Sorrow for Sin
James Smith, 1856
"I will be sorry for my sin!" Psalm 38:18
This is right, this is reasonable; but it is often difficult, for we are frequently more affected with the sins of others, than with our own.
"My sins!" What are they? — have you examined? — have you investigated? — have you tried to remember them?
There are heart sins. These perhaps never see the light; no eye rests on them, but the eye of God. Where would we hide our heads — if the sins of our hearts were published?
There are sins of the tongue, of the temper, and of the life.
There are sins into which we are betrayed, and sins more deliberately committed.
There are sins in the family, sins in the world, and sins in the service of God.
There are sins against man — and sins against God.
How numerous — how aggravated — how utterly inexcusable our sins are!
Some sin in the dark — but we sin in the light. Some sin against God's majesty — but we against God's mercy. The sins of some are against the Lawgiver — but ours are against the kind, the tender, the loving Father. Our sins are like scarlet and crimson! Our sins grieve the Holy Spirit, and dishonor the Eternal Father!
Our sins crucified and murdered the only begotten Son!
Our sins have marred creation, affected the course of providence, and done everything but baffle grace.
In size they are like the great mountains — and in number like the sands of the sea!
Every sin deserves Hell; what, then, must sins so numerous, so great, so aggravated as ours deserve?
Oh, that the Holy Spirit would give us a clear, correct,
and heart-affecting view of our sins! This would . . .
humble our pride,
destroy our self-righteousness, and
endear the precious, precious blood of Jesus more than ever!
Reader, has God ever shown you your sins in the light of his holy law? Have you ever seen your sins in the light of His countenance? Have you ever seen them in the agony and bloody sweat, in the cross and passion of the Son of God? It not, you will never be sorry for your sins, with that sorrow which works repentance unto life.
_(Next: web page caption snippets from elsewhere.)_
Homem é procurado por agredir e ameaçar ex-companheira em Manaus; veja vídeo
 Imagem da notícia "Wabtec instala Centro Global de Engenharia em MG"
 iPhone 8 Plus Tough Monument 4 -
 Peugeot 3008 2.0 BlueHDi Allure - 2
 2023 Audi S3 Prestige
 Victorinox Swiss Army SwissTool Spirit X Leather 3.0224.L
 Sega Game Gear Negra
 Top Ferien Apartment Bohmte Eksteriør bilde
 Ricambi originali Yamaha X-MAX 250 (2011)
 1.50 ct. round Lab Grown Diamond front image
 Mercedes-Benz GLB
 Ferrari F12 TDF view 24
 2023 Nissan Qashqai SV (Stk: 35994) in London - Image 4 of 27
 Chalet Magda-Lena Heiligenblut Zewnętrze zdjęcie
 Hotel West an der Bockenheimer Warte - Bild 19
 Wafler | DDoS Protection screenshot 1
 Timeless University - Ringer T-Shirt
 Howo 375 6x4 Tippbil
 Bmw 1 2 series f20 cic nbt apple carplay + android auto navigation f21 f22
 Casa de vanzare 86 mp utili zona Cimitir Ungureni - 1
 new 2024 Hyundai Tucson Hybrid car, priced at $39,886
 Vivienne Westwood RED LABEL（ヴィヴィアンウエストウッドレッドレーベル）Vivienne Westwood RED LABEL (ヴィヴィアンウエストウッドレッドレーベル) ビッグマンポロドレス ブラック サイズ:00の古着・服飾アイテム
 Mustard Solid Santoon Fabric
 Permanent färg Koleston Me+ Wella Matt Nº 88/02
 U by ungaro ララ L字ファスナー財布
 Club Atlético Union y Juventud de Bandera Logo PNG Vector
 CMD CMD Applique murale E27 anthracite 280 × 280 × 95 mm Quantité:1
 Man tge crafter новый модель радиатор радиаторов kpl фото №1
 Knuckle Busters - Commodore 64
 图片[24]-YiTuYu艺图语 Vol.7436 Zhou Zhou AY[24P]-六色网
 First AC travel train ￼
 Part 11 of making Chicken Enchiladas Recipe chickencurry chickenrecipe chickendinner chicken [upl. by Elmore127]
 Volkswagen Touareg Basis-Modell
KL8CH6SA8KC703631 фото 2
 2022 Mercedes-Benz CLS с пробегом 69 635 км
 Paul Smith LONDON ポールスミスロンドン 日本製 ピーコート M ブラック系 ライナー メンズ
In order to carry out this purpose, and be sorry for our sins — we must have correct views of God's covenant character. While we look upon God simply as a Lawgiver, as one pledged to punish our sins — we shall be filled with self-pity, alarm, and concern to escape punishment; but we shall not be sorry for our sins. But if we see that God is love — that it goes to his heart to punish us for our sins — that, rather than do so, he will deliver up his only begotten and well-beloved Son for us — if we hear his loving voice warning us, expostulating with us, and beseeching us to be reconciled to him — if we see that our sins wound his heart — and yet he pities and pardons us — then we shall be prepared to be sorry for our sins.
It is love, the free, infinite, and eternal love of God .
which breaks the heart,
which opens the sluices of repentance,
and which fills us with godly sorrow.
It is when I realize that my sins are against the law of love, and the God of love — that I am sorry for them. It is when I see that they pierced and wounded incarnate love in the person of Jesus, and that they grieve his loving heart still — that my sorrow for them is stirred. When I sit on the brow of Calvary, and witness the sorrow, the pain, the death-throes of the Son of God, and realize that my sins were the procuring cause of all — then my heart breaks, then I weep, then I mourn for him as one who mourns for his only son, and am in bitterness as one that is in bitterness for his first-born — I am sorry for my sin.
Reader, are you acquainted with sorrow for sin? Has the fear of Hell been taken away — has the assurance of Heaven been given you — and yet have you felt as if your heart would break with grief on account of sin? Evangelical repentance, the repentance which is unto life, and which needs not to be repented of — is heart sorrow for pardoned sin — sin that cannot damn us — sin that will not turn away the love of God from us. It is the child weeping because he has grieved his Father — affected by his Father's love, which he has seen shining in his tears. To be sorry that I have incurred displeasure, and brought upon myself punishment, is one thing; and to be sorry that I have wounded the tender heart of God, is another. The former is sorrow for the effects of sin, and may be purely selfish; the latter is sorrow for the cause of sin — and flows from love to God in the soul.
If we are not sorry for our sin — we have no proof that God has pardoned our sin. And if God has indeed pardoned our sin — we shall not speak lightly of it, or turn it into jest. No; it will humble us, lay us in the dust, and make us loathe ourselves in our own sight!
The deeper our repentance — the sweeter the joys of pardon will be!
The greater our sorrow for sin — the more precious Jesus will be as our deliverer from sin!
The more pungent our grief at the cross — the warmer will be our zeal in the church, and the more careful our walk in the world.
Holy and ever-blessed Spirit, give us such a sight of sin, such a sense of the love of God, such a realization of pardon, and such fellowship with Christ in his sufferings — as shall cause us daily and hourly to say, "I will confess my iniquity — and be sorry for my sin!"